Now, I want to ask how many reads from each sample are missing the cell barcode? This will be indicated by having the expected constant region from the virus CDS.

In [8]:
r1_reads.groupby(['primer','has_cell_bc']).count()

Unnamed: 0_level_0,Unnamed: 1_level_0,record_id,truseq,bc,umi_or_cds
primer,has_cell_bc,Unnamed: 2_level_1,Unnamed: 3_level_1,Unnamed: 4_level_1,Unnamed: 5_level_1
HUNDREDuM_primer,False,274,274,274,274
HUNDREDuM_primer,True,300039,300039,300039,300039
TENuM_primer,False,265,265,265,265
TENuM_primer,True,237063,237063,237063,237063


About ~270 reads of each sample appear to be missing a cell barcode. To know what proportion of the viral reads this is, we'll have to map each read to virus or host.

## Handle Read 2 Data

### Call a read as viral/not viral
The fastest way to figure out how many of our viral reads retain their cell barcode is just to search for a snippet of read 2 in the viral genome.

First, I will define the viral genome.  I have directly copied a script which automatically generates FASTA files for this from another project (see [here](https://github.com/jbloomlab/pdmH1N1_flu_single_cell/tree/master/data/flu_sequences)). 
Then, I will trim Read 2 back to ~50 bp.
Finally, I will check to see if each read is in the viral genome.
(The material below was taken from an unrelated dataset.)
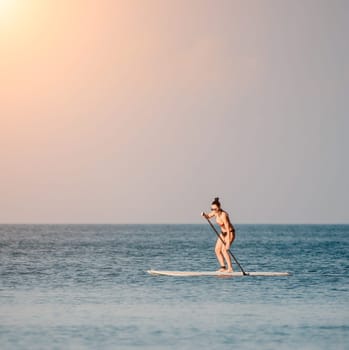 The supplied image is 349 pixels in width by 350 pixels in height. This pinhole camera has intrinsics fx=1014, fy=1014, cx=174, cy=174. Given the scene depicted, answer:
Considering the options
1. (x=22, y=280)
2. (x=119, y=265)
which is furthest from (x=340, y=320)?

These will be called viral molecules, and all others will be assumed to be host.

In [10]:
flu_genome_folder = 'flu_sequences'
flu_files = ['flu-CA09.fasta', 'flu-CA09-dblSyn.fasta']

In [17]:
# Load in viral genomes and make into a single string that can be searched
seqs = list()

for file in flu_files:
    print(f'Reading in flu genome from file: {file}')
    file_path = flu_genome_folder + '/' + file
    with open(file_path) as open_file:
        for record in SeqIO.parse(open_file, "fasta"):
            print(f"Reading in sequence for {record.id}.")
            seqs.append(str(record.seq))
    print('Done with file.\n')

print("Finished loading flu genomes.")
print(f"There were {len(seqs)} sequences loaded from {len(flu_files)} files.")

Reading in flu genome from file: flu-CA09.fasta
Reading in sequence for fluPB2.
Reading in sequence for fluPB1.
Reading in sequence for fluPA.
Reading in sequence for fluHA.
Reading in sequence for fluNP.
Reading in sequence for fluNA.
Reading in sequence for fluM.
Reading in sequence for fluNS.
Done with file.

Reading in flu genome from file: flu-CA09-dblSyn.fasta
Reading in sequence for fluPB2.
Reading in sequence for fluPB1.
Reading in sequence for fluPA.
Reading in sequence for fluHA.
Reading in sequence for fluNP.
Reading in sequence for fluNA.
Reading in sequence for fluM.
Reading in sequence for fluNS.
Done with file.

Finished loading flu genomes.
There were 16 sequences loaded from 2 files.